AI for everyone
From Cloud Services to Data Science
Why use Data Science ?
Collecting data is easy, so easy that almost all companies have far more data than they can analyze. As a general rule, data storage is motivated by backup or regulatory issues,
But above all, it’s the best way to analyse past activity in order to anticipate the future.
Understand the why?
Anticipate in order to reproduce (or not) a past experience or to be alert in case of a similar situation.
The data are so complex, rich and numerous that only the scientific approach can solve these problems.

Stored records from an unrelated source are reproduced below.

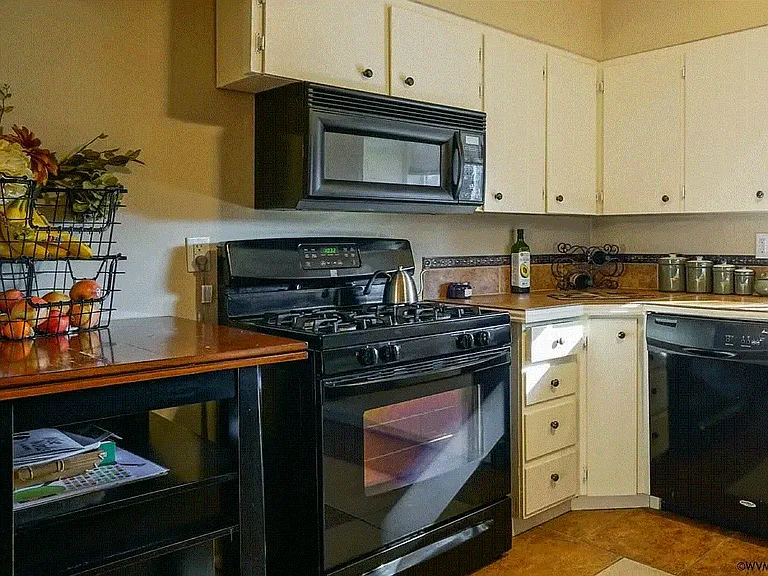 4274 Pauline Ave SE — Photo 5
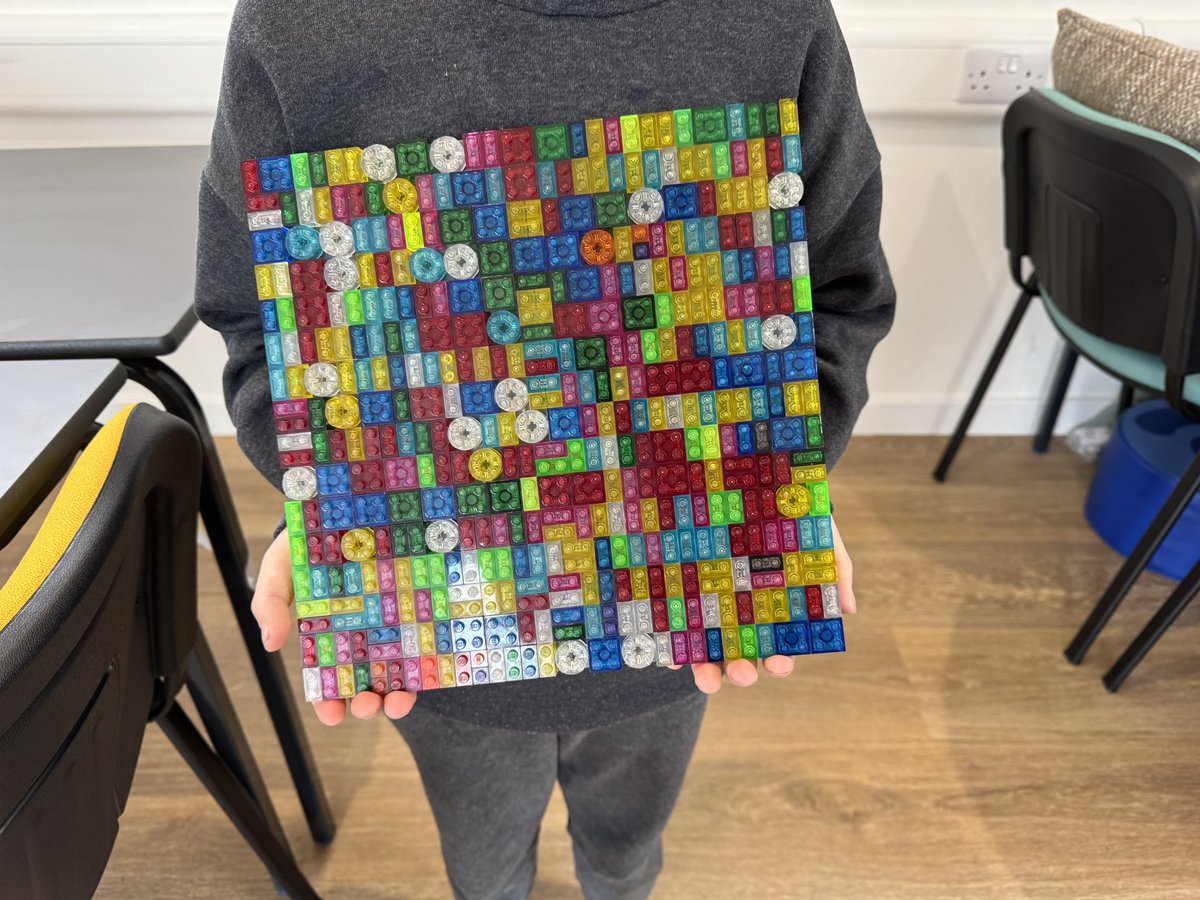 Bricks2Learn tweet media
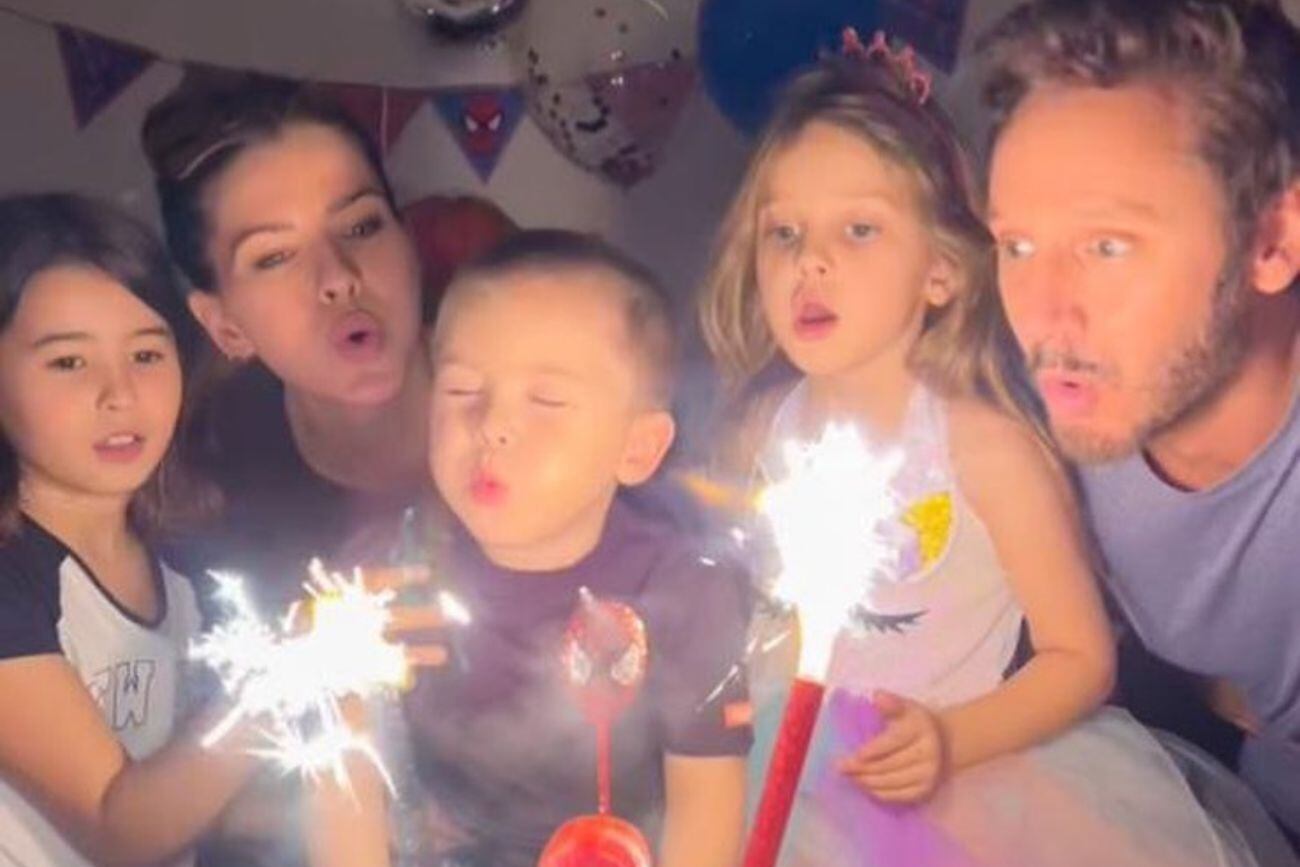 La China Suárez, Pampita y Benjamín Vicuña, todos juntos en el cumpleaños de Amancio.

We call that: DATA SCIENCE
Understand your data
Thanks to powerful statistical algorithms in general and occasionally via ML model extractions, we can explain certain phenomena more precisely, correlate them with others and thus detect important information, decisive KPIs or simply explain an event.
Thanks to the statistical approach and more specifically Machine Learning, we can generate insights which analysts and business users can translate into business value.

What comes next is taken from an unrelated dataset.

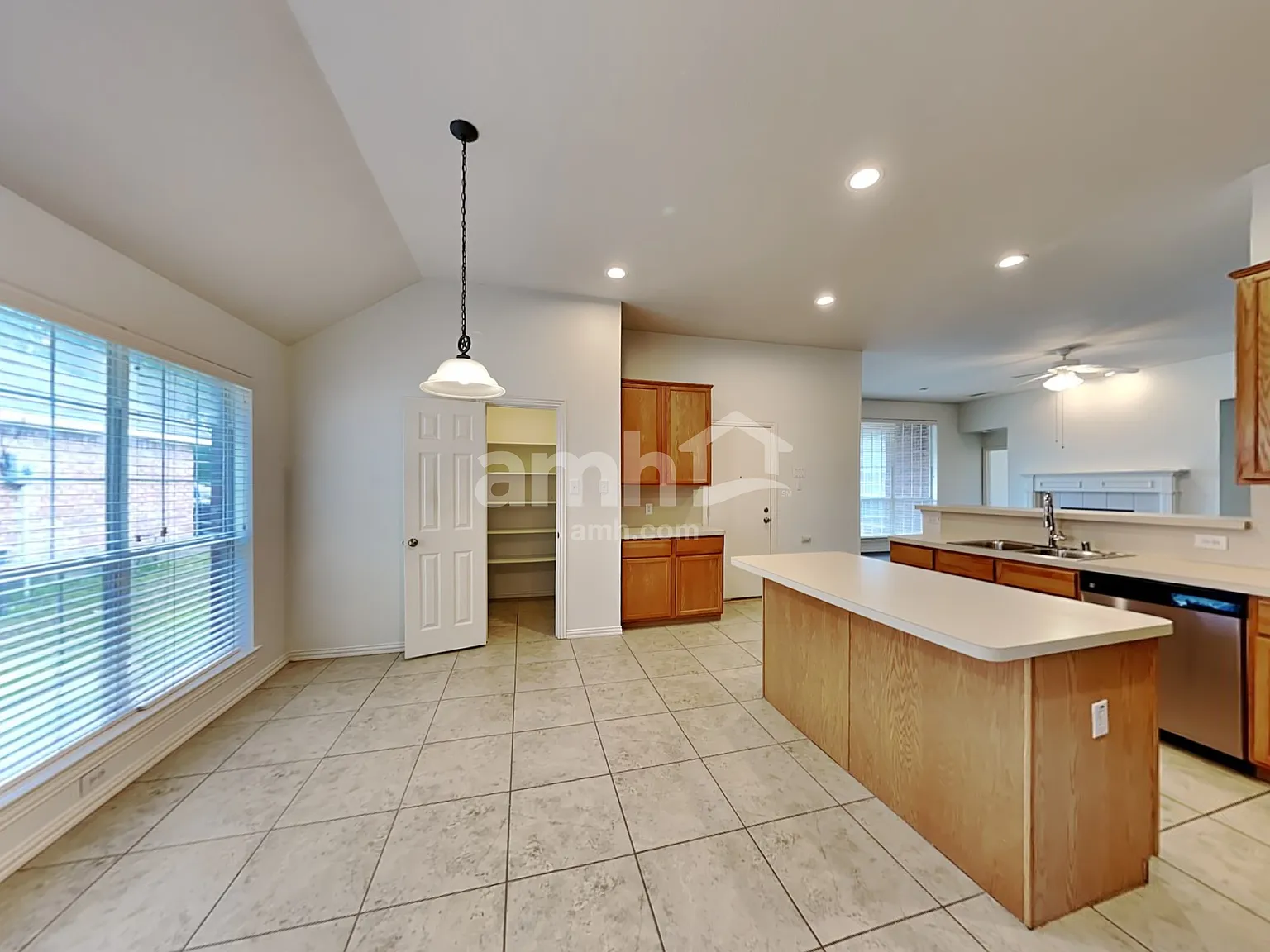4 bed, 2.0 bath, 2371 sqft, $2,685 — Photo 4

Predictive analytics uses historical data to build forecasts. The better is the quality of the data and the longer they are historically, the better is predictability – Almost all prediction cases are feasible as long as this rule is met !
Anomaly detection identifies data points, events, and/or observations that deviate from a normal behavior based on the history. Anomalous data can indicate critical incidents, such as a technical glitch, or potential opportunities, for instance a change in consumer behavior.
The unavoidable of unstructured data
Emails, text files, websites and social networks or media such as photos, videos or audios are unstructured data.
If for tabular data the Machine Learning approach is a technical-statistical evolution, for computer vision, NLP or audio ML is a real REVOLUTION thanks to the Deep Learning approach.
Nowadays, DL is the state of the art, the essential method to treat these subjects.